この年末年始の間に「変わりゆく教育」のようなテーマで、MOOC(Massive Open Online Courses – MOOCsとも)などオンライン学習や、タブレット端末を利用した新しい学習スタイルなどについて、いくつかの新聞やテレビが特集を組んでいた。まだ日本では、それほど普及しているとは言いがたいので、海外サービスや日本の取組みについて、教育の仕組みの変化を紹介する内容が多かった。
MOOC先進国の米国では、2012年にCoursera、edX、Udacityなどの大学講義系の配信サービスが始まり、多くの利用者を世界中から集めている。
2013年を通して、参加大学および講義の数は増え続け、東京大学がCourseraに参加したように米国外の大学のプログラムも受講できるようになってきた。
売りは、誰でも無料で受講できる、世界中のどこからでも、いつでも学べる、という点である。
一方、そのメリットに反して、受講者のレベルにばらつきがあることや、大学講義の動画を見て自己学習するのが基本スタイルであることからか、「修了率が数%しかない」、「理解度も低い」、などの問題も指摘されるようになってきている。
テクノロジーの進歩により、SNS機能で分からないところを質問しあえるなど、ある程度インタラクティブな仕組みは提供できてきているが、まだまだ試行錯誤の段階である。
Udacityの有料コース
このような中、主なMOOCsの1つであるUdacityが、年初のブログ記事で、2014年1月に「Full course experience」なる有料サービスの提供を開始するとアナウンスした。
有料コースの計画自体は、昨秋に発表されていたもので、予定通り開始するようだ。
このサービスが適用されるコースでは、
・パーソナルコーチがついて、質問に答えたり、フィードバックをもらったりできる
・計画的に学習できるようにガイドしてもらえる
・修了証をもらえる
などのサービスが受けられる。料金は、現在公開されているコースの場合、月額$150だ。

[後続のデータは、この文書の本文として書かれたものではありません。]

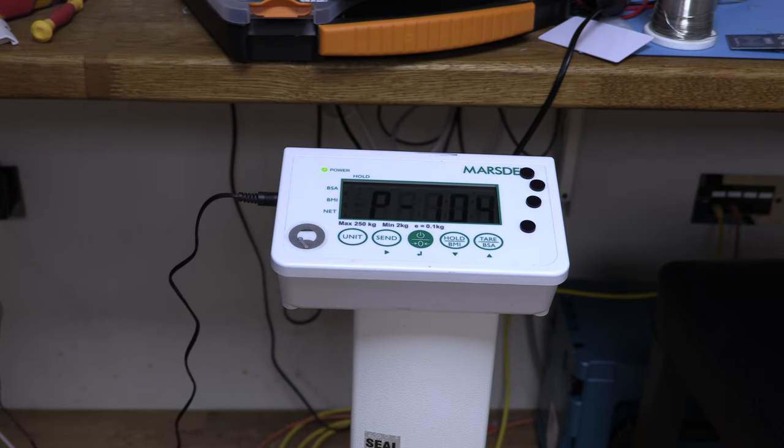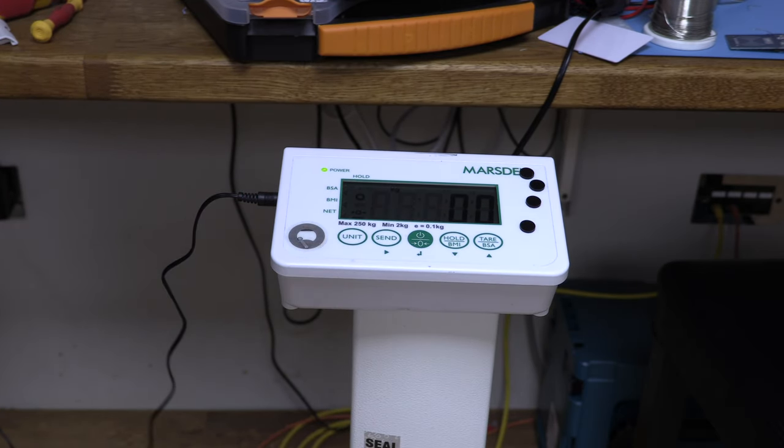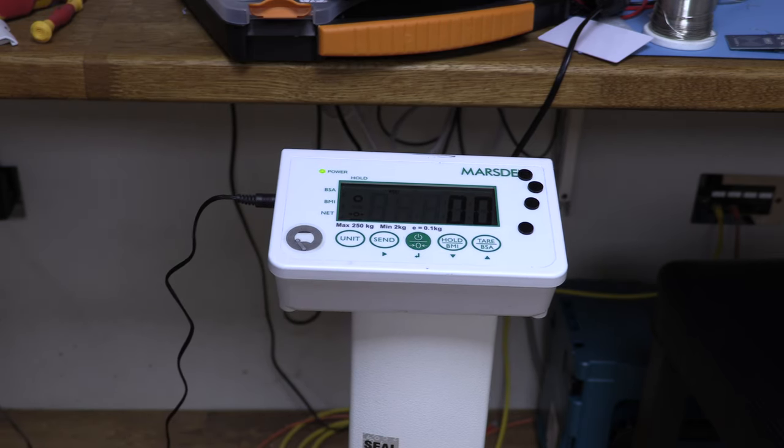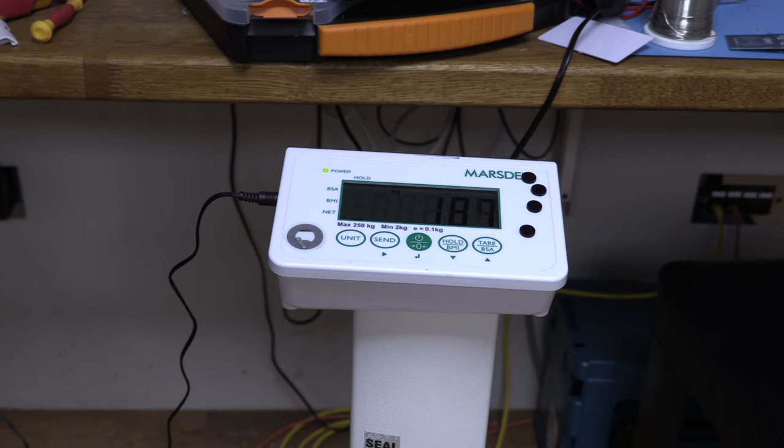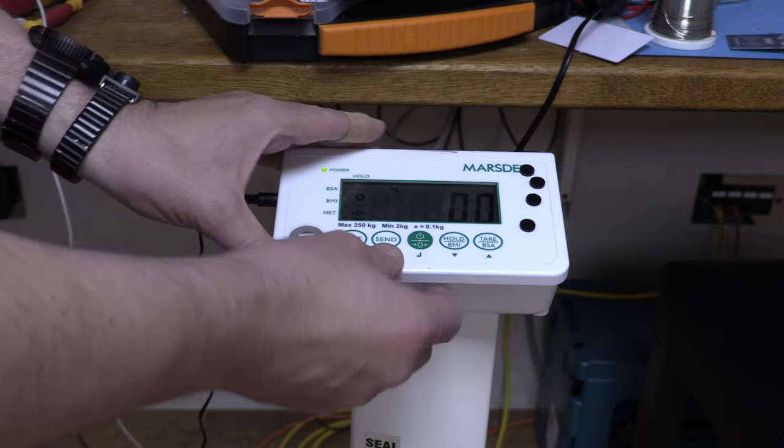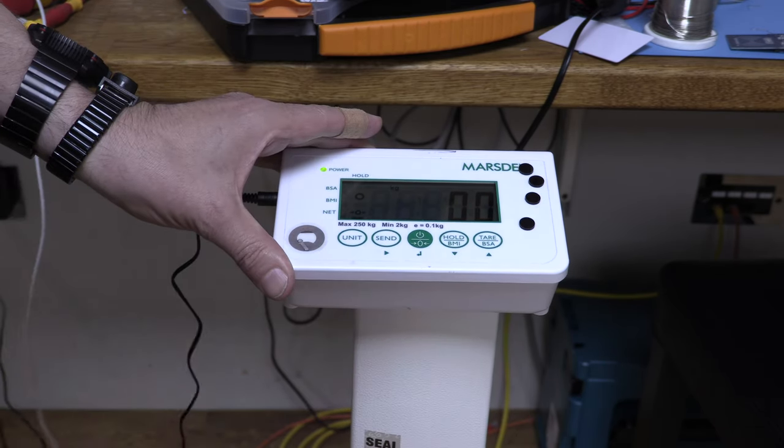It's looking good. Okay so it's reading zero and if I put my foot on it it's showing weight.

これらのコースは、期限がないので、自分のペースに合わせて進められる。
なぜ有料コースを始めるのか?
当初から言われているMOOCのビジネスモデルの1つに、「単位」や「修了証」を有料で提供する、というものがある。今回のUdacityのサービスは、この「修了証」発行に加えて、「パーソナルコーチ」という人を介する仕組みを取り入れたのが特徴だ。
この方針転換の背景には、2013年にUdacityが米サンノゼ州立大学と共同で行った実験(同じ講義をUdacityと大学のキャンパスで学んだ学生の成績を比較)の結果があると言われている。
結果は、Udacityで学んだ学生のほうが成績が悪かった。
この実験結果に基づき、今までのMOOCプログラムを見直しており、修了率や学習理解度を上げるための試みの1つが、今回の有料コースであるようだ。
Udacity創業者のセバスチャン・スラン氏は、元スタンフォード大学コンピュータサイエンス学部教授であり、Googleの無人自動車やグーグル・グラスなどのプロジェクトにも関わった人物である。
このような人であるため、Udacityでも受講者が人を介さずに自分で学習できる仕組みの実現を目指していたと思う。
それが、今回、ネットを通じた間接サービスとはいえ、コーチと受講生がやり取りをする形で学習効果を高めるというのは皮肉なものである。
MOOCはどのような形になっていくのか?
Udacityは、今回新たな方向性を打ち出したが、CourseraやedXなど他のMOOCも基本路線は維持しつつ、いろんな取組みを試み始めている。ビジネスモデルに加え、学習の仕方もまだまだ試行錯誤の段階だ。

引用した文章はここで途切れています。